# Durock vs hardibacker



## md2lgyk (Jan 6, 2009)

There's no "advantage" I know of. I much prefer using Durock.


----------



## oh'mike (Sep 18, 2009)

I don't like Hardiibacker---I prefer Durrock or wonder board--

Same reasons you stated--hard to set screws--harder to cut---sucks the juice out of thinset---and more--


----------



## CraftsmanConnec (Feb 24, 2013)

Hello Oh' Mike,
A few days ago I was teaching my helper a trick to always getting a flush or recessed Hardibacker screw into a 1/2" sheet of Hardibacker. First using a drill motor (corded or cordless) drill the screw through the Hardibacker but not into the framing yet. Put the drill motor into the reverse mode and using an orbital motion, your clearing some material out of the way.
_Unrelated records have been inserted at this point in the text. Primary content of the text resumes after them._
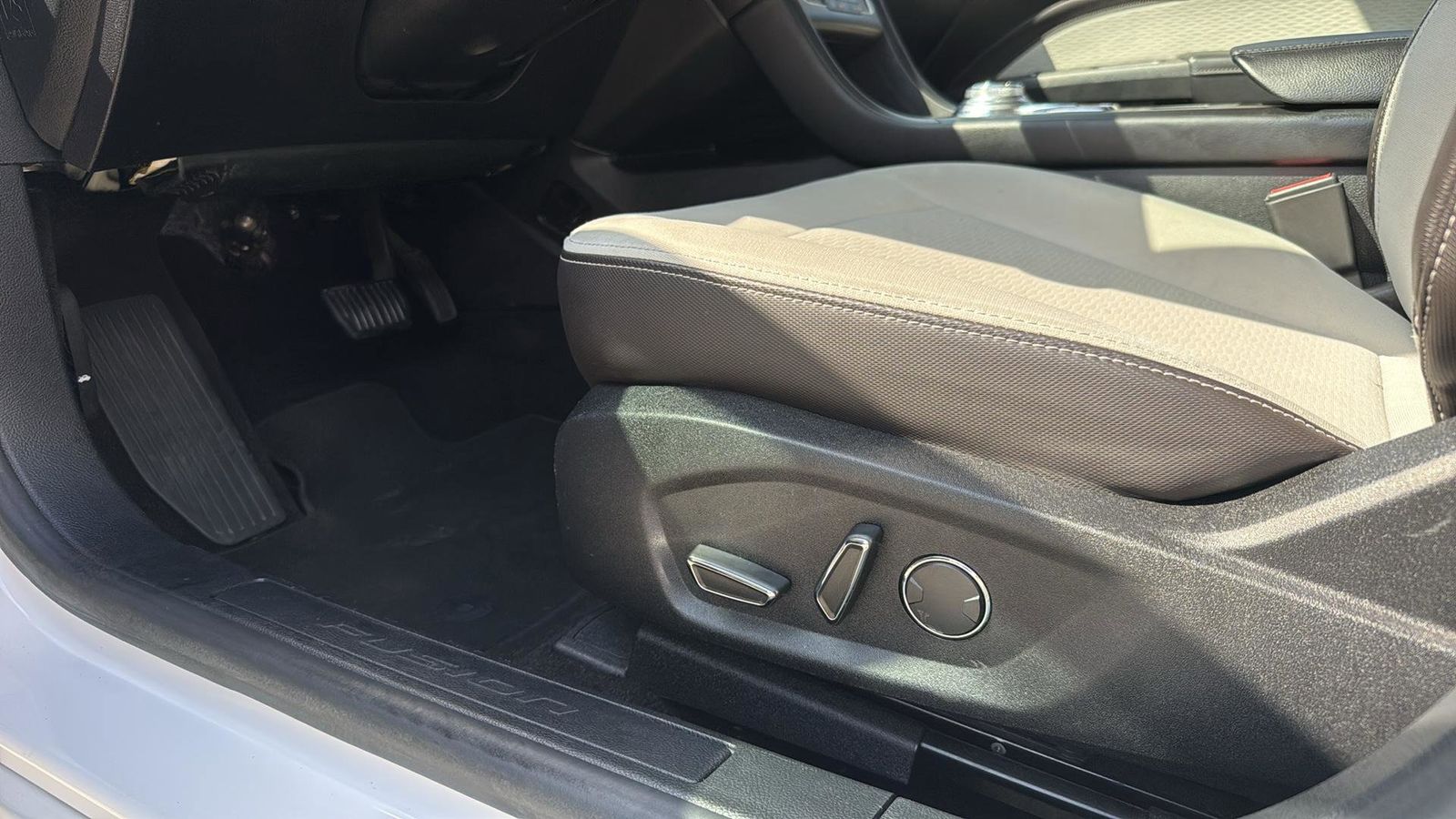 Used Car 2019 Ford Fusion  Se For Sale Under $15,000 In Austin, Texas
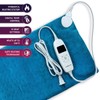Aheata Heated Pad with Digital Controller – Winter Electric Blanket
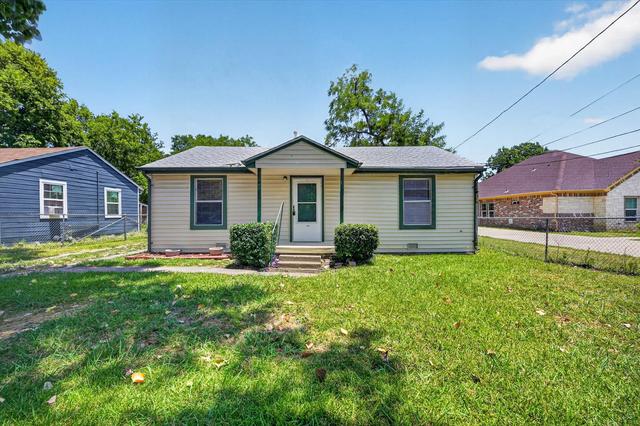 4450 Percy St, Lancaster, TX 75134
It's like using a countersink bit without having to change bits every screw or having a second drill motor going. Now drive the screw into the framing and you'll see what I'm talking about. You may first be akward trying to screw in 1/2", reverse, orbital motion, then forward all the way in, but you'll get the hang of it after 5 screws or so. I've had great success using this method.


----------



## 747 (Feb 11, 2005)

I would recommend kerdi board for a substrate. Pricey but cement board is a pain when cutting. Between the two you have listed. It doesn't matter. There both a cement product. I'm assuming your going to tile around tub.


----------



## CraftsmanConnec (Feb 24, 2013)

*Cutting cement backer board with ease*

There are a few options for cutting cement backer board like HardiBacker500 (1/2")
PATHETIC: Utility Knife.
GOOD: Carbide Tipped Scoring tool, not bad for straight line on 1/4" Hardibacker, but a waste of time for use on 1/2".
BETTER: Circular Saw with HardiBacker Blade (used outside only). I've been doing it this way for years, but it's a dusty mess, unhealthy, etc.
BEST: DeWalt makes a cement board electric cutting tool. Model D28605 for $269.00 at of all places drugstore.com. No Tax, No Shipping cost.
I just ordered a DeWalt D28605 after nearly 2 years after a contractor friend showing me his electric shears cutting HardiBacker for a shower. After much searching on Amazon.com, HomeDepot.com, etc. It was Drugstore.com that had the 1/2" version. I can tell you now I paid extra close attention to the size after I accidentally purchase some shears that were only meant for sheet metal.

There is a readily available 1/4" version of the DeWalt Electric Cement Board Shear for $220-$230, but then your limiting yourself to only 5/16" capacity to do HardiSiding and 1/4" Hardibacker and will never be able to do 1/2" boards. Your choice.


----------